Bhataramedia.com – Jagung, gandum dan rapeseed dapat digunakan untuk memproduksi biofuel, seperti bioetanol dan biodiesel. Menurut temuan terbaru oleh para ilmuwan lingkungan di Radboud University, lokasi lahan pertanian yang digunakan untuk menanam tanaman biofuel ini memiliki dampak besar pada emisi gas rumah kaca yang dihasilkan. Studi ini diterbitkan oleh Nature Climate Change pada tanggal 11 Mei.

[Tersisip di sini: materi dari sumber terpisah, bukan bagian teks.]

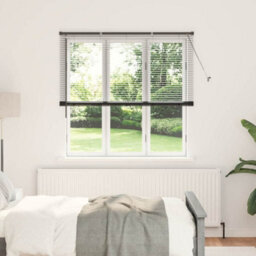 Berkfield Window Blind With Curtains Manual Black Aluminium - thumbnail 1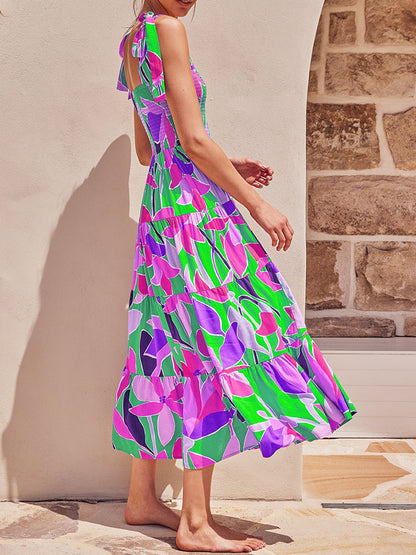 Leaves Printed Tie-shoulder Sleeveless Holiday Maxi Dress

Untuk meningkatkan produksi biofuel dari tanaman, seperti jagung dan gandum, daerah alami perlu digunakan untuk membuat lahan pertanian. Hasil awal dari proses ini adalah peningkatan emisi gas rumah kaca. Dengan menggunakan model skala global, Pieter Elshout dan sesama ilmuwan lingkungan di Radboud University telah menunjukkan berapa lama waktu yang dibutuhkan biofuel untuk “membayar” emisi awal yang dihasilkan dari proses penanaman tanaman penghasil biofuel. Pada skala global, waktu pengembalian rata-rata untuk gas rumah kaca adalah sembilan belas tahun.
Dari Eropa Barat hingga daerah tropis
Elshout, seorang kandidat Ph.D. di Universitas Radboud, menjelaskan: “Sembilan belas tahun terdengar seperti waktu yang lama, tetapi dalam hal pertanian, waktu ini tidak terlalu lama. Selanjutnya, angka tersebut adalah rata-rata global. Di Eropa Barat, periode tersebut jauh lebih pendek, kadang-kadang hanya mencakup beberapa tahun. Bagaimanpun juga, di daerah tropis, waktu tersebut dapat diperpanjang hingga masa seratus tahun.”
Model ini menunjukkan bahwa lokasi tanaman biofuel memiliki dampak yang signifikan terhadap emisi gas rumah kaca, selain jenis tanaman atau manajemen tanaman (jumlah pupuk dan irigasi yang digunakan).
Model skala global pertama
“Model kami adalah yang pertama kali menawarkan gambaran secara global, tinjauan dari emisi gas biogenik yang dihasilkan dari tanaman yang digunakan untuk memproduksi biofuel. Di dalam mengembangkan model ini, waktu untuk membayar kembali emisi yang dihasilkan membutuhkan waktu dari seluruh rantai produksi untuk bahan bakar fosil dan biofuel dengan emisi rumah kaca yang menyertainya,” lanjut Elshout, seperti dilansir Radboud University (12/05/2015).
Model global ini berlaku untuk biofuel generasi pertama, termasuk bioetanol dari jagung, gandum dan tebu, serta biodiesel dari kedelai dan rapeseed.
Hasil penelitian ini akan memberikan pandangan baru bagi perdebatan mengenai biofuel yang saat ini terjadi di Belanda. Di dalam studi tindak lanjut pada pertanian tanaman biofuel, Elshout dan rekan-rekannya berharap untuk menyelidiki waktu pengembalian emisi yang terkait dengan dampak terhadap keanekaragaman hayati.
Referensi :
P. M. F. Elshout, R. van Zelm, J. Balkovic, M. Obersteiner, E. Schmid, R. Skalsky, M. van der Velde, M. A. J. Huijbregts. Greenhouse-gas payback times for crop-based biofuels. Nature Climate Change, 2015; DOI: 10.1038/nclimate2642.